Goal of the exercise ▸ The lines to return are those from the line holding "Perempuan Kristiani Indonesia" through the last line of the entries below, both included, written exactly and without pictures.
*** Begin section ***
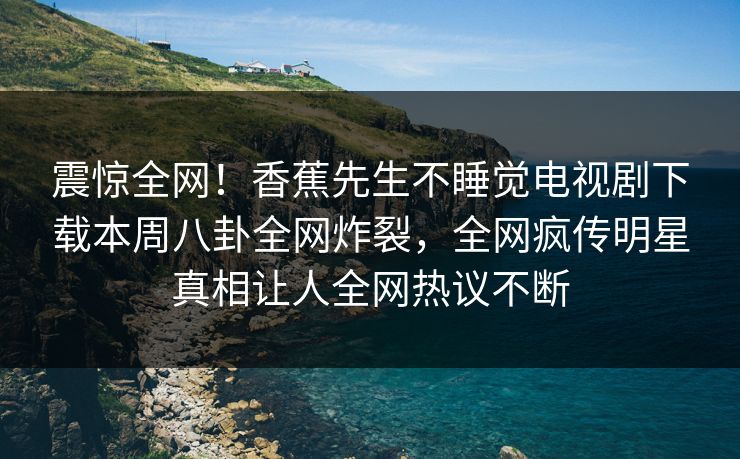 震惊全网！香蕉先生不睡觉电视剧下载本周八卦全网炸裂，全网疯传明星真相让人全网热议不断  第1张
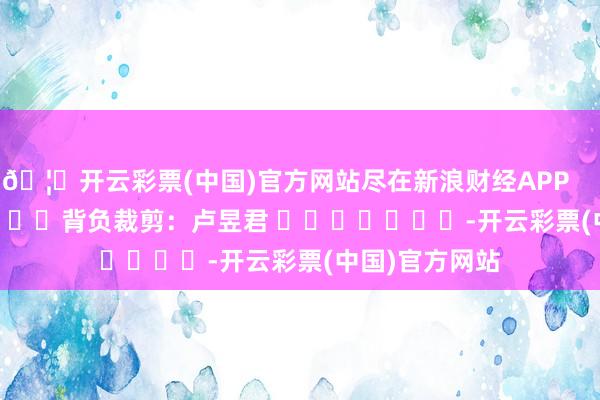 🦄开云彩票(中国)官方网站尽在新浪财经APP            						背负裁剪：卢昱君 							-开云彩票(中国)官方网站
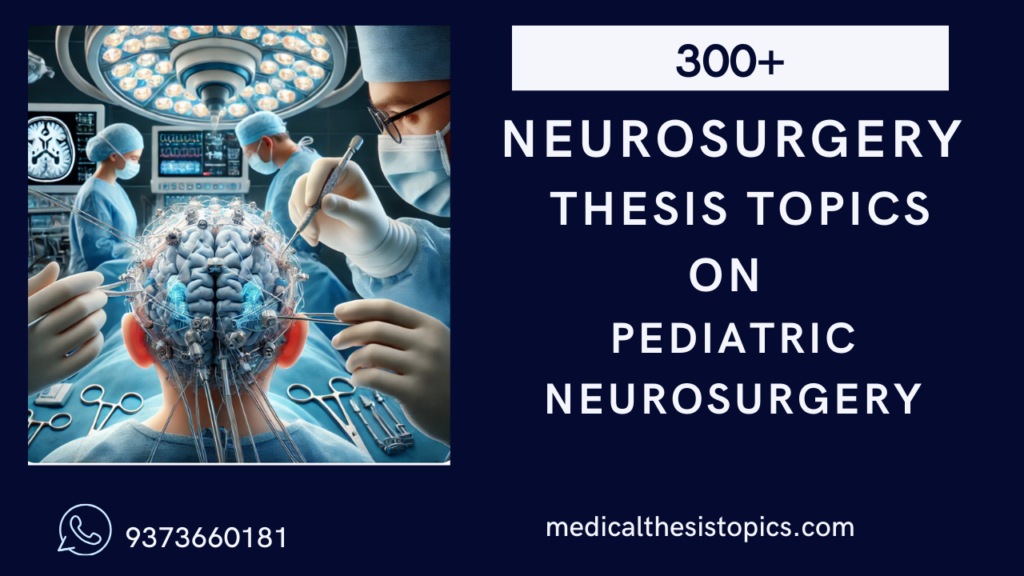 Pediatric Neurosurgery Thesis topics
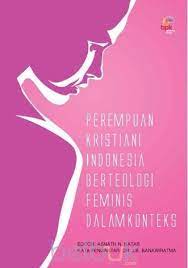 Perempuan Kristiani Indonesia berteologi feminis dalam konteks
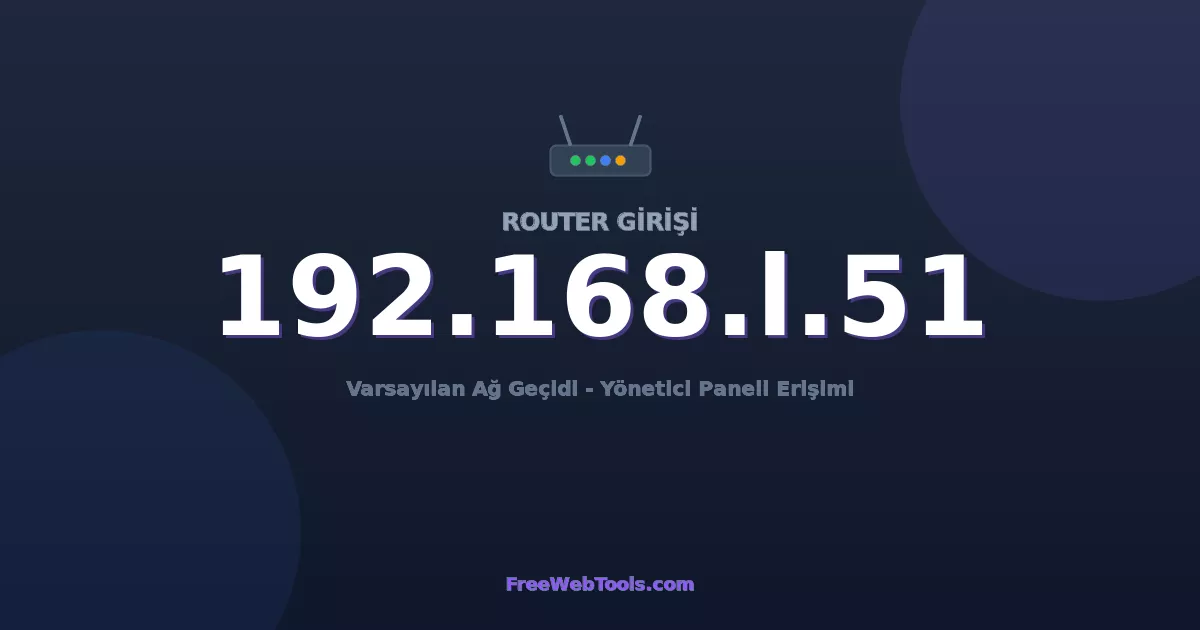 192.168.1.51 Yönetici Girişi - Varsayılan Router Şifresi (2026)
*** End section ***
Written response ▸
 Perempuan Kristiani Indonesia berteologi feminis dalam konteks
 192.168.1.51 Yönetici Girişi - Varsayılan Router Şifresi (2026)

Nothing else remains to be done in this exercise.